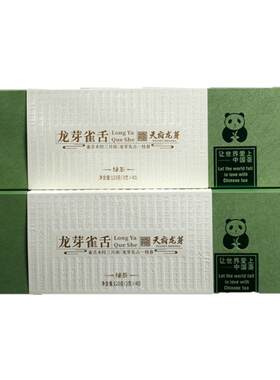 2026年明前特级雀舌实心茶芽礼盒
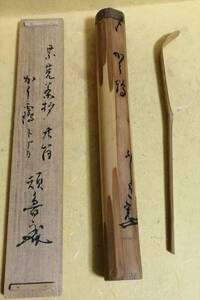 五代堀内宗完(不識斎) 自作茶杓 茶道具 花押 共筒「頑魯識」箱 検 裏千家表千家江戸千家不白流不昧流石州流庸軒流遠州流 茶道具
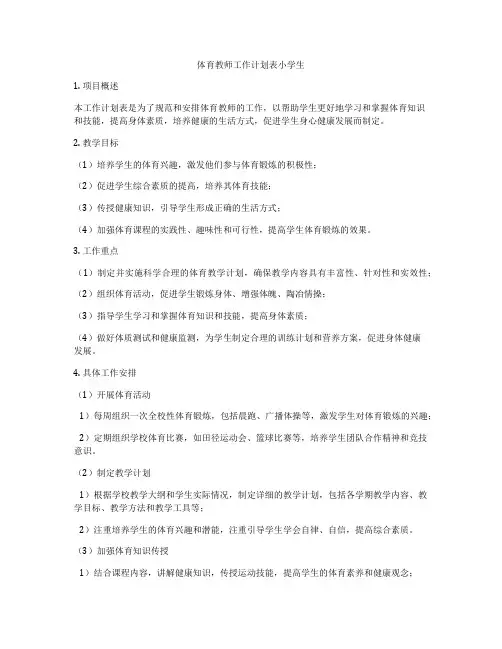 体育教师工作计划表小学生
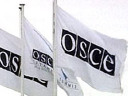 ОБСЕ, OSCEфото на newsby.org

• _What you will do_
Without the images, write out each line of the data verbatim.

• _Solution below_
 2026年明前特级雀舌实心茶芽礼盒
 五代堀内宗完(不識斎) 自作茶杓 茶道具 花押 共筒「頑魯識」箱 検 裏千家表千家江戸千家不白流不昧流石州流庸軒流遠州流 茶道具
 体育教师工作计划表小学生
 ОБСЕ, OSCEфото на newsby.org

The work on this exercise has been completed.